### Raw data

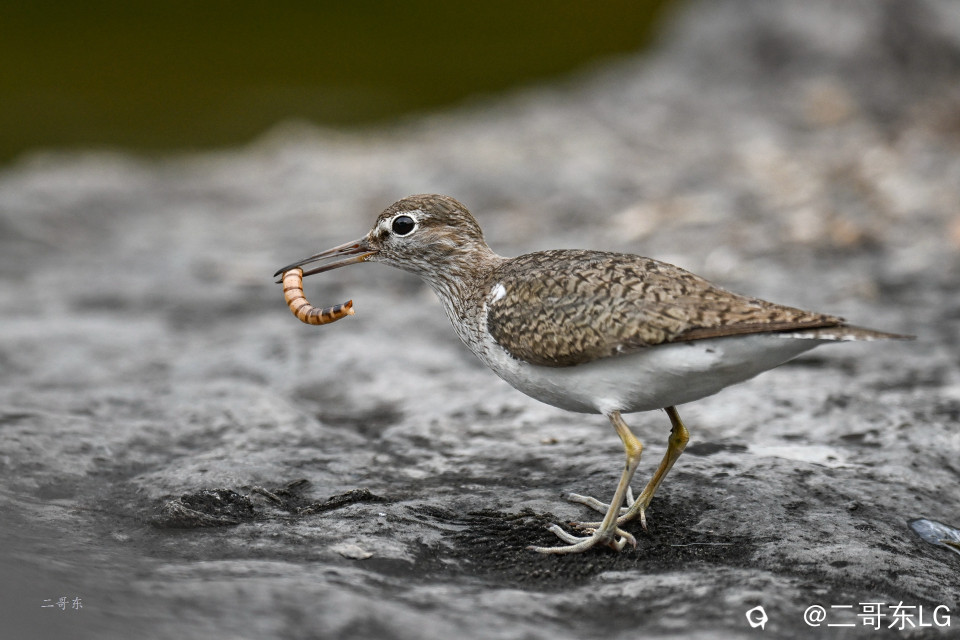 矶鹬 jī yù (31).jpg
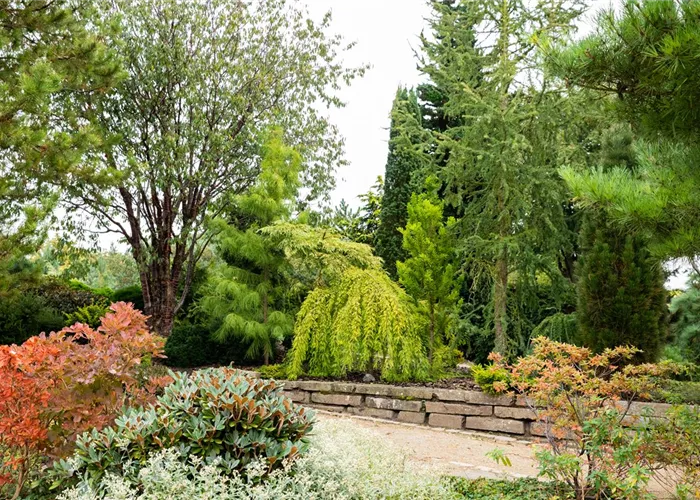 Gartengestaltung Gartengestaltung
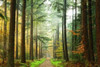 Divide Poster Print by Lars Van de Goor - Item # VARPDXV563D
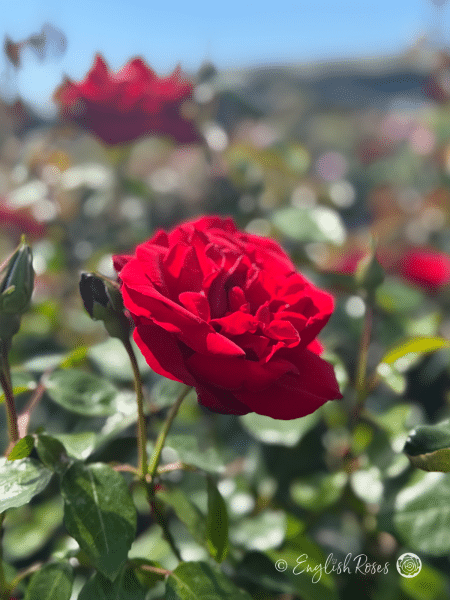 Crimson Cascade Rose Single Bloom - single red bloom in a sunny field with buds and green foliage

### Work instruction
All the lines above are to be reproduced exactly, except the pictures.

### Your response
 矶鹬 jī yù (31).jpg
 Gartengestaltung Gartengestaltung
 Divide Poster Print by Lars Van de Goor - Item # VARPDXV563D
 Crimson Cascade Rose Single Bloom - single red bloom in a sunny field with buds and green foliage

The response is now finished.